Legumes are fiber powerhouses in general, and a good portion of that fiber is soluble. Canned kidney beans provide about 1.36 grams of soluble fiber per 100 grams, and baked beans with tomato sauce come in at 1.38 grams. Black beans, lentils, and chickpeas perform similarly.

What makes legumes especially practical is that they’re cheap, shelf-stable, and easy to add to meals you’re already making. Tossing half a can of black beans into a soup, salad, or rice bowl is one of the simplest ways to increase your soluble fiber intake without overhauling your diet.

How Much You Need

The current recommendation for total fiber (soluble and insoluble combined) is 14 grams for every 1,000 calories you eat. For someone eating 2,000 calories a day, that’s 28 grams of total fiber. There’s no official breakdown for how much should be soluble versus insoluble, but aiming for 5 to 10 grams of soluble fiber daily is the range associated with measurable cholesterol reduction.

To put that in perspective, a breakfast of oatmeal topped with sliced peaches, a lunch with a side of black beans, and a dinner that includes broccoli and barley would comfortably get you into that range without any supplements or specialty products.
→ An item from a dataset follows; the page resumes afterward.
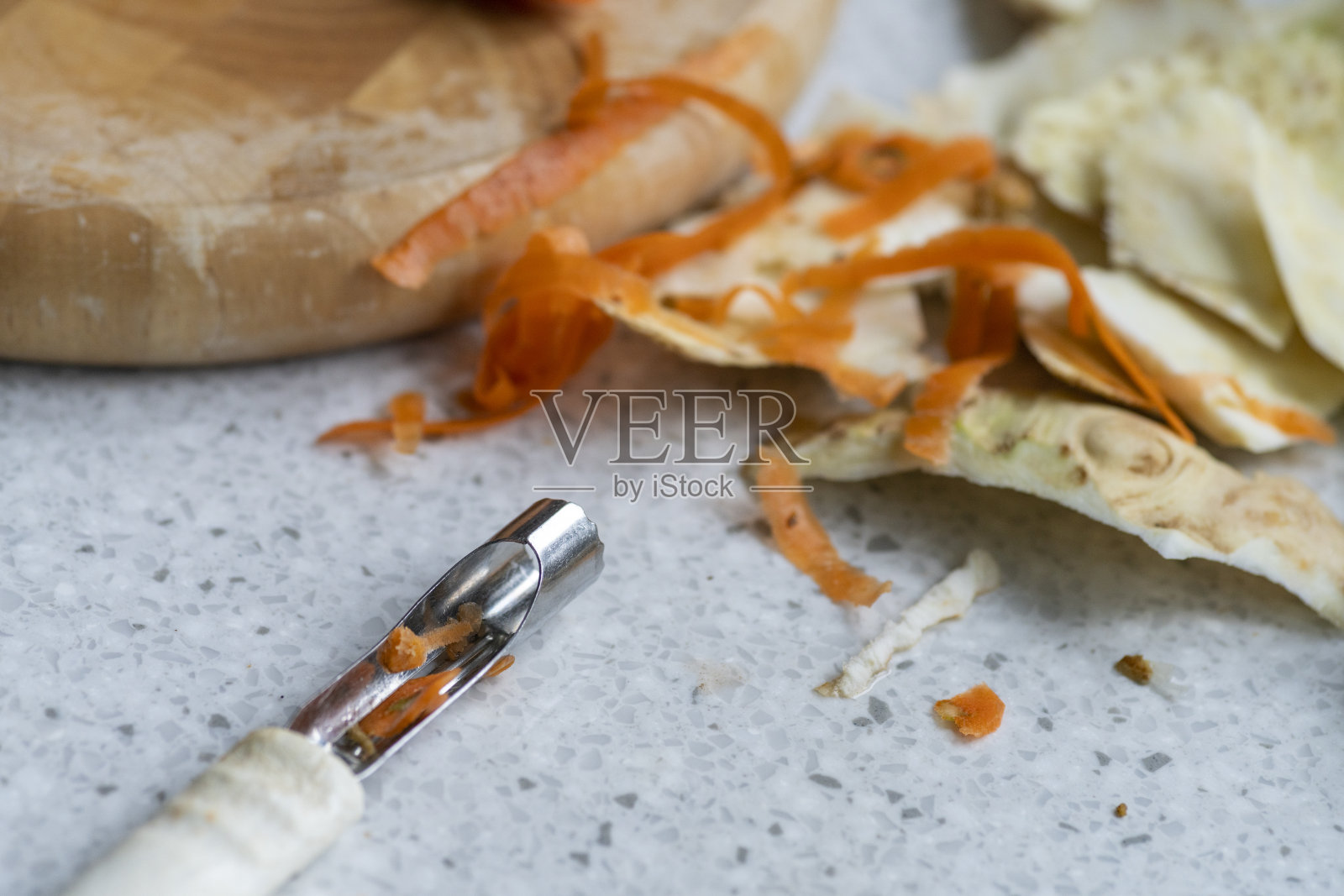 准备烹饪的胡萝卜和防风草照片摄影图片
Adding Fiber Without the Bloating

If your current diet is low in fiber, jumping straight to high-fiber meals can cause gas, bloating, and cramping. Your gut bacteria need time to adjust. The practical fix is simple: increase your fiber intake gradually over a few weeks rather than all at once.

Drinking more water matters too. Soluble fiber works by absorbing water, so if you’re eating more of it without staying hydrated, you’re likely to feel uncomfortable. Adequate water intake keeps everything moving and makes stool softer and easier to pass. Start with one new high-fiber food per week, and build from there.